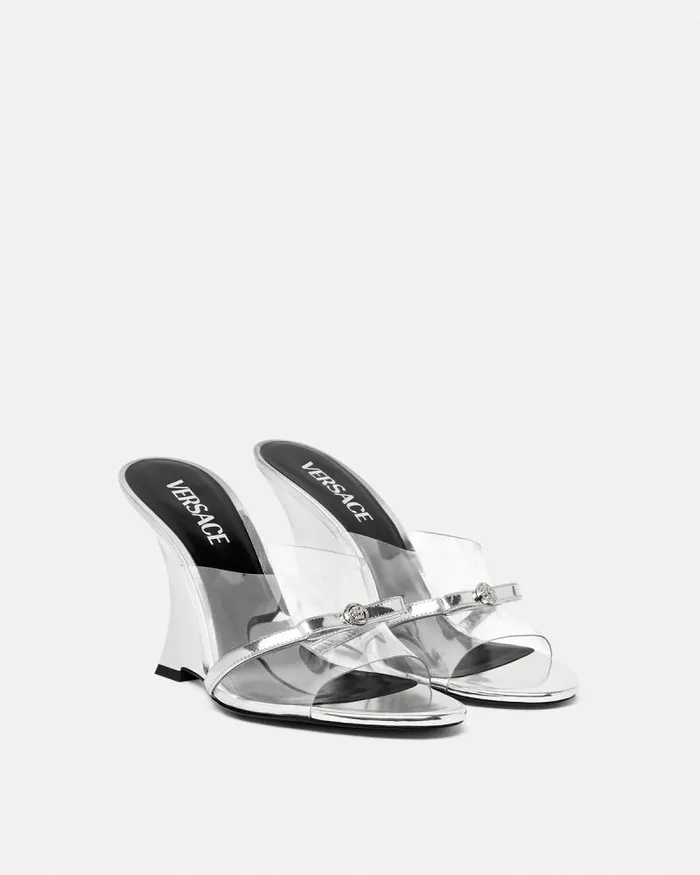 Gianni Ribbon Wedge Mules 95 Mm Silver Women Versace Sandals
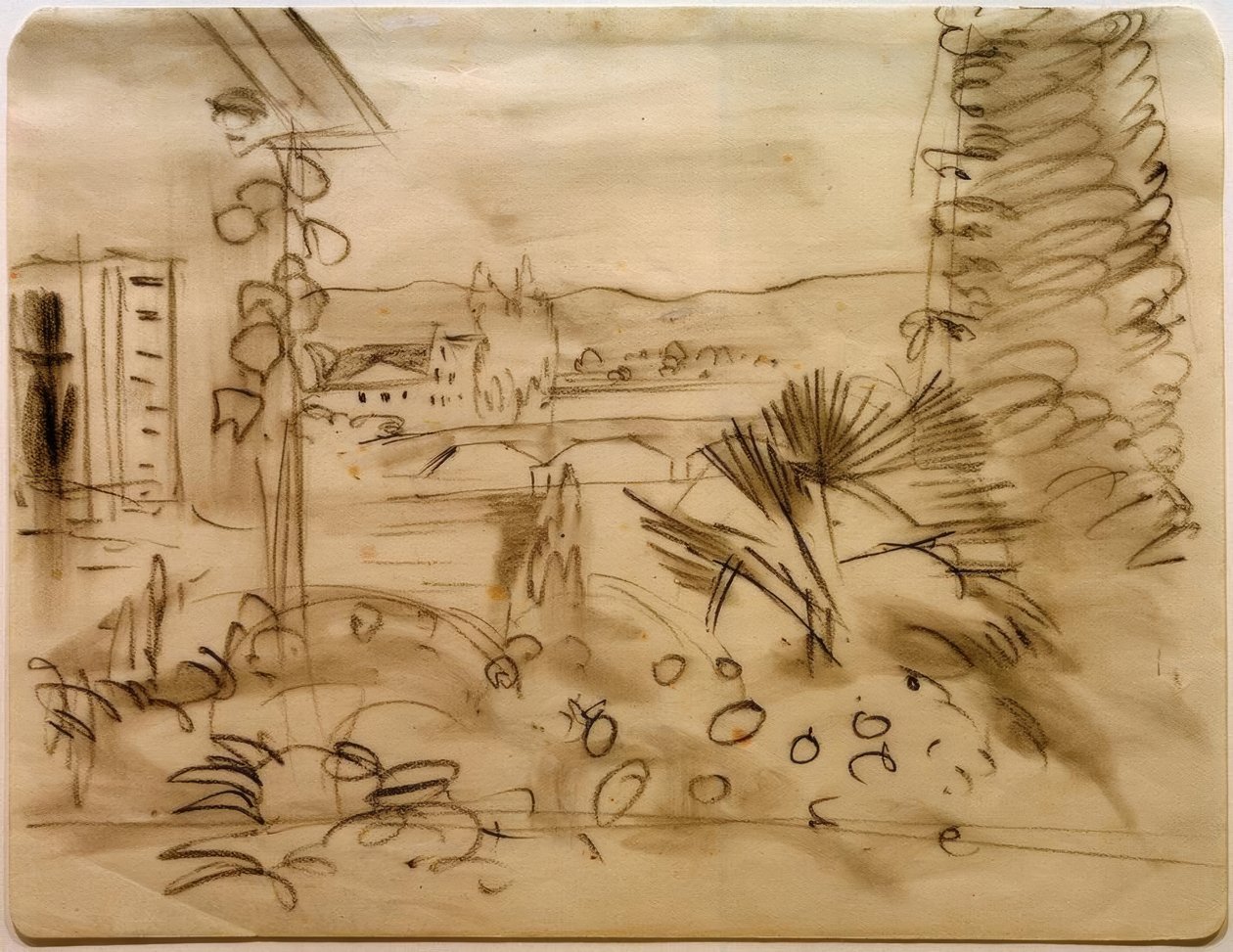 Trädgårdshus i Rhônedalen av August Macke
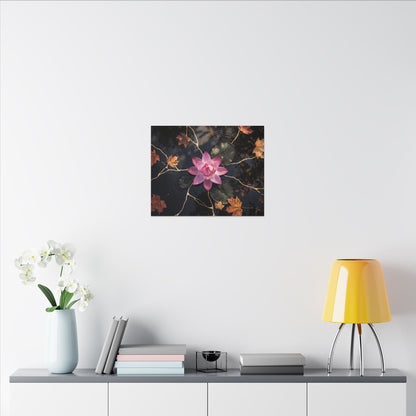 Ma Lotus Flower Canvas Art - Kintsugi Gold Vein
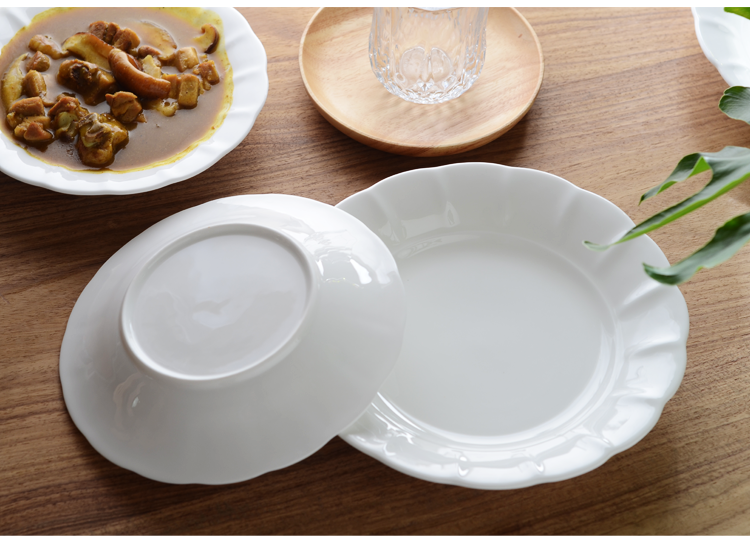 Flower relief pure white bone China tableware 7.5/8 inch soup plate Hot dish Deep dish dish household ceramic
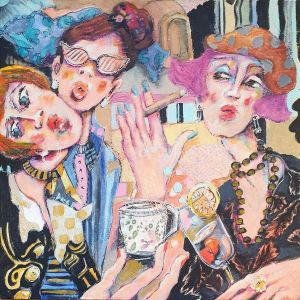 Peinture Des bulles et des amies par Garilli Nicole | Tableau Figuratif - Acrylique - Scènes de vie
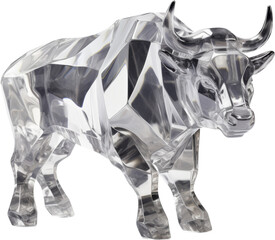 grey crystal shape of bull,bull made of crystal 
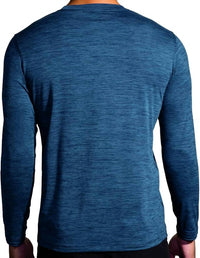 BROOKS Luxe Long Sleeve Tee in heather blue slate - men's long sleeve top - detail view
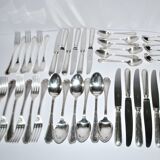 Ercuis trianon silver-plated cutlery set – 42-piece tableware with crossed ribbon design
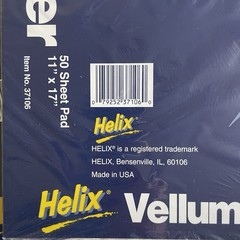 Helix Vellum 50 Sheet Pad (2 Pads) 11”x17” New Sealed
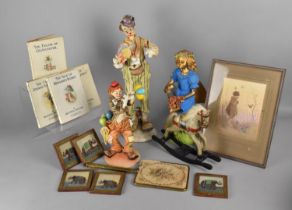 A Collection of Various Items to Comprise Clown Ornaments, Fairy Figure, Print, Beatrix Potter Books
━━━━━━━━━━━━━━━━━━━━
* Directions for this task
Where the line containing "Ercuis trianon silver-plated" appears in the entries above, start there and set down every line exactly through the last one, inclusive; omit pictures.

* Written solution
 Ercuis trianon silver-plated cutlery set – 42-piece tableware with crossed ribbon design
 Helix Vellum 50 Sheet Pad (2 Pads) 11”x17” New Sealed
 A Collection of Various Items to Comprise Clown Ornaments, Fairy Figure, Print, Beatrix Potter Books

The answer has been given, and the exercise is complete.